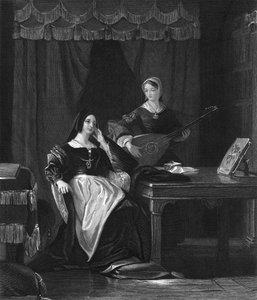 Königin Katharina, Gemahlin von Heinrich VIII. von England, 19. Jahrhundert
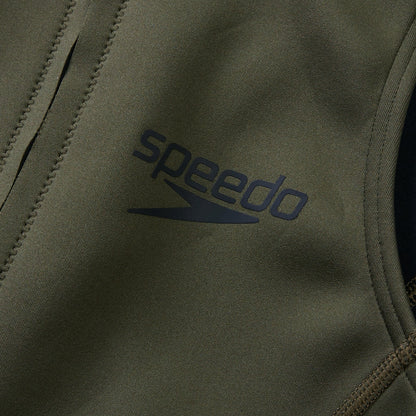 Sleeveless Thermal Swimsuit Black/Green | Speedo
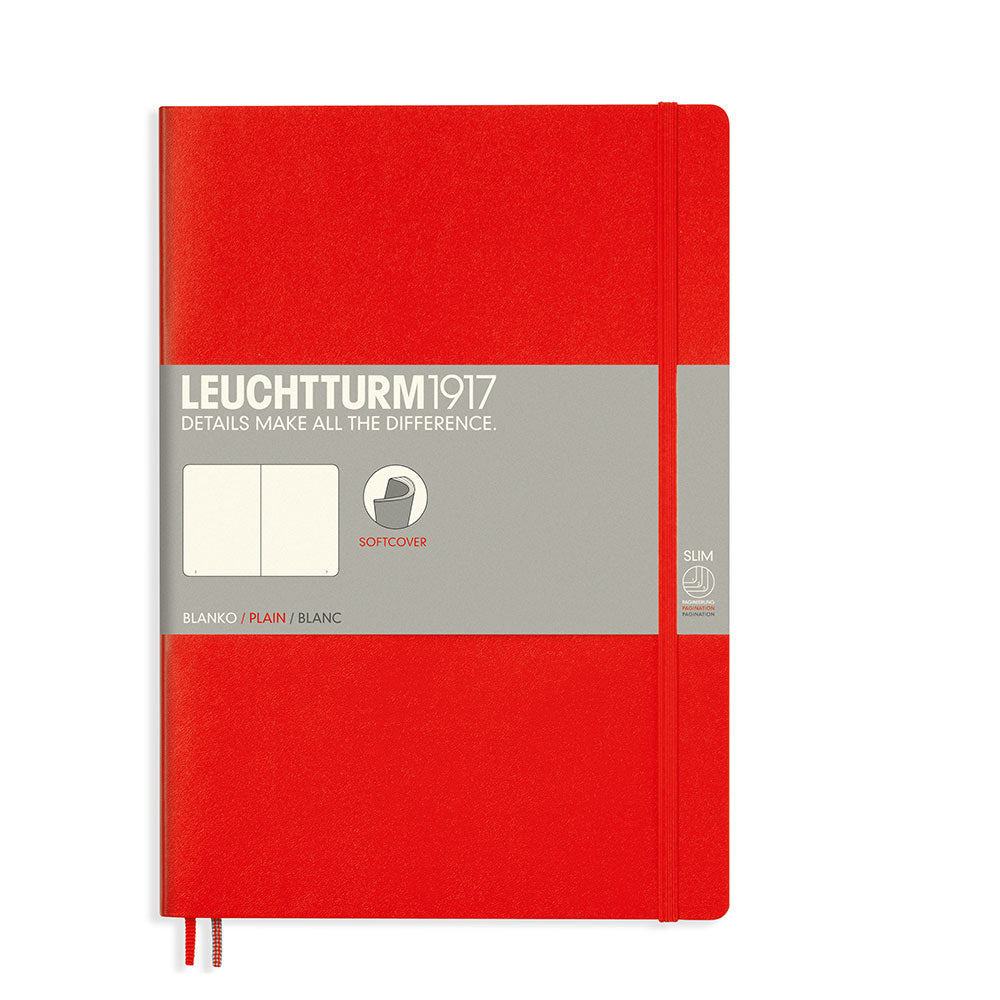 CAIET B5 VELIN COPERTA FLEXIBILA ROSU LEUCHTTURM CAIET B5 VELIN COPERTA FLEXIBILA ROSU LEUCHTTURM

EXERCISE OBJECTIVE » Apart from the pictures, repeat the data above exactly.

FINAL ANSWER »
 Königin Katharina, Gemahlin von Heinrich VIII. von England, 19. Jahrhundert
 Sleeveless Thermal Swimsuit Black/Green | Speedo
 CAIET B5 VELIN COPERTA FLEXIBILA ROSU LEUCHTTURM CAIET B5 VELIN COPERTA FLEXIBILA ROSU LEUCHTTURM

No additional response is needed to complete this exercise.